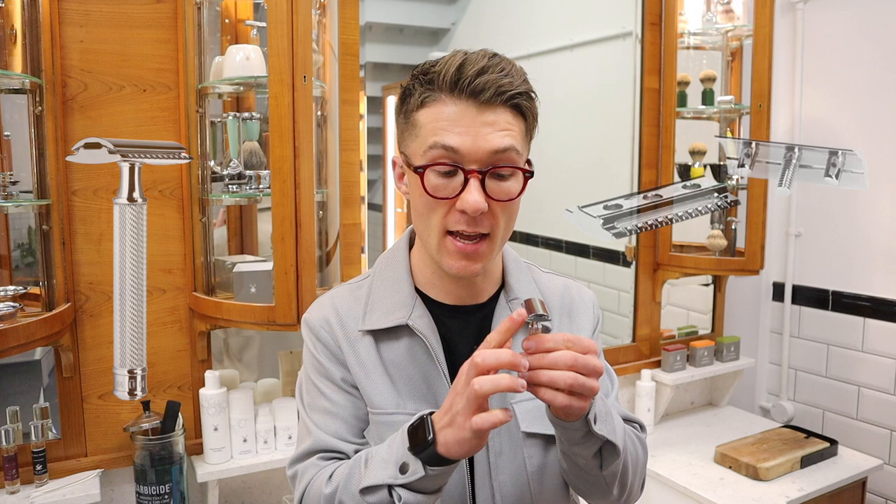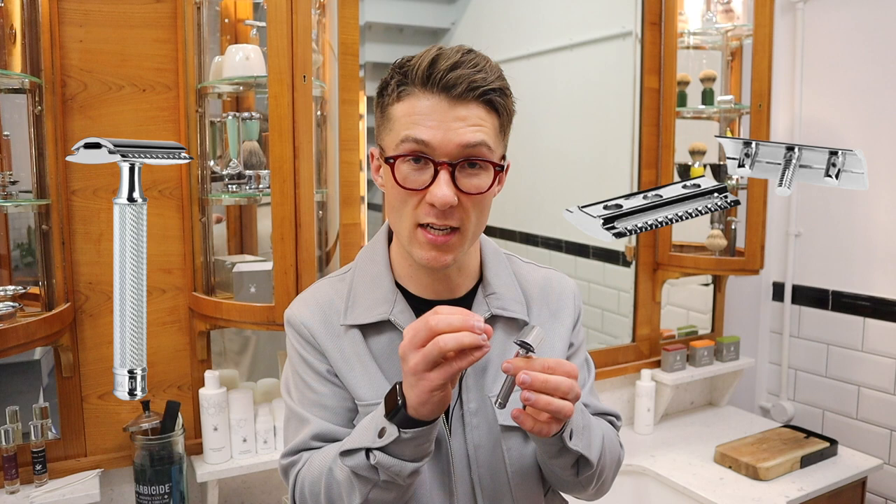What varies between the open-tooth and the closed-tooth comb is the bottom plate and the way that they sit. The closed comb typically has a flat edge with grooves and no teeth. The flat edge on the bottom plate helps to keep the skin stretched really tightly across that bottom bar when shaving. It's generally considered the gentlest of shaves and is perfect if you have sensitive skin or if you're new to shaving.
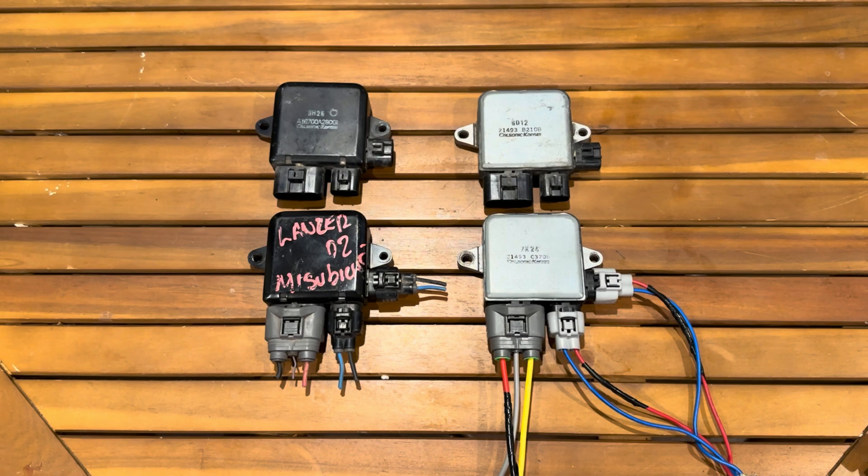Hi folks. I wanted to redo a popular video I had done a couple years ago where I took a look at fan controllers and powering a contour fan. That video blew up and I got a lot of questions, so I wanted to clean it up and focus specifically on this particular Infinity fan controller that was featured in the video.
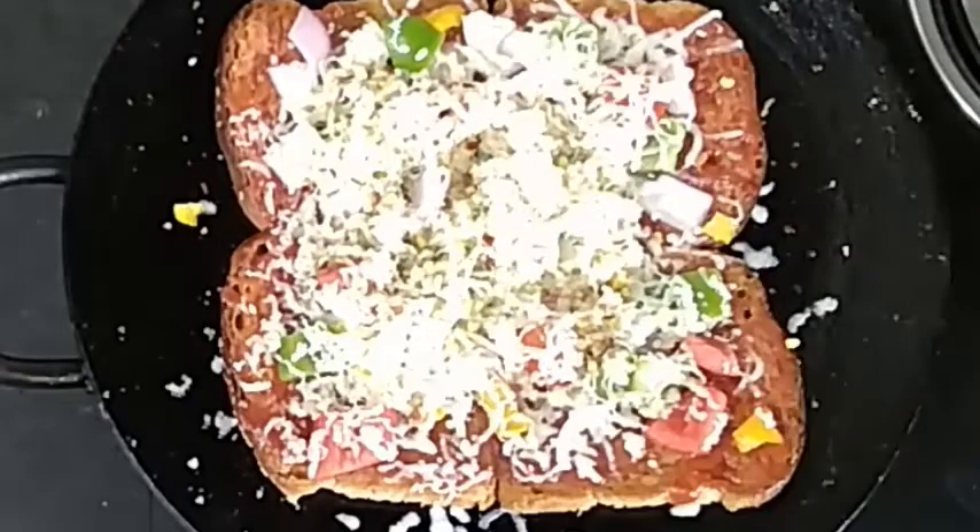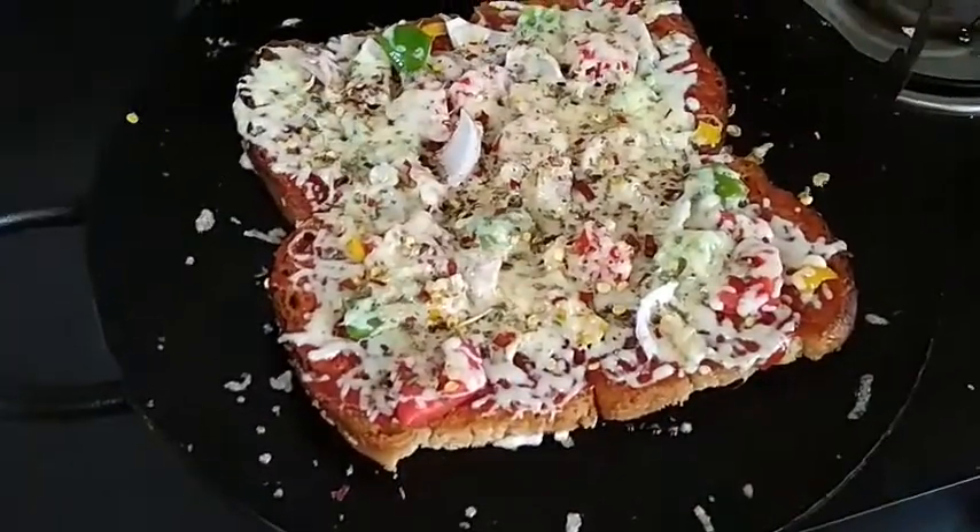I am going to make the cheese melt. We will make the cheese melt. I am going to make it fresh.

Task brief:
Pass over the images and copy the rest of the material above exactly.

Exercise solution:
What varies between the open-tooth and the closed-tooth comb is the bottom plate and the way that they sit. The closed comb typically has a flat edge with grooves and no teeth. The flat edge on the bottom plate helps to keep the skin stretched really tightly across that bottom bar when shaving. It's generally considered the gentlest of shaves and is perfect if you have sensitive skin or if you're new to shaving.
Hi folks. I wanted to redo a popular video I had done a couple years ago where I took a look at fan controllers and powering a contour fan. That video blew up and I got a lot of questions, so I wanted to clean it up and focus specifically on this particular Infinity fan controller that was featured in the video.
I am going to make the cheese melt. We will make the cheese melt. I am going to make it fresh.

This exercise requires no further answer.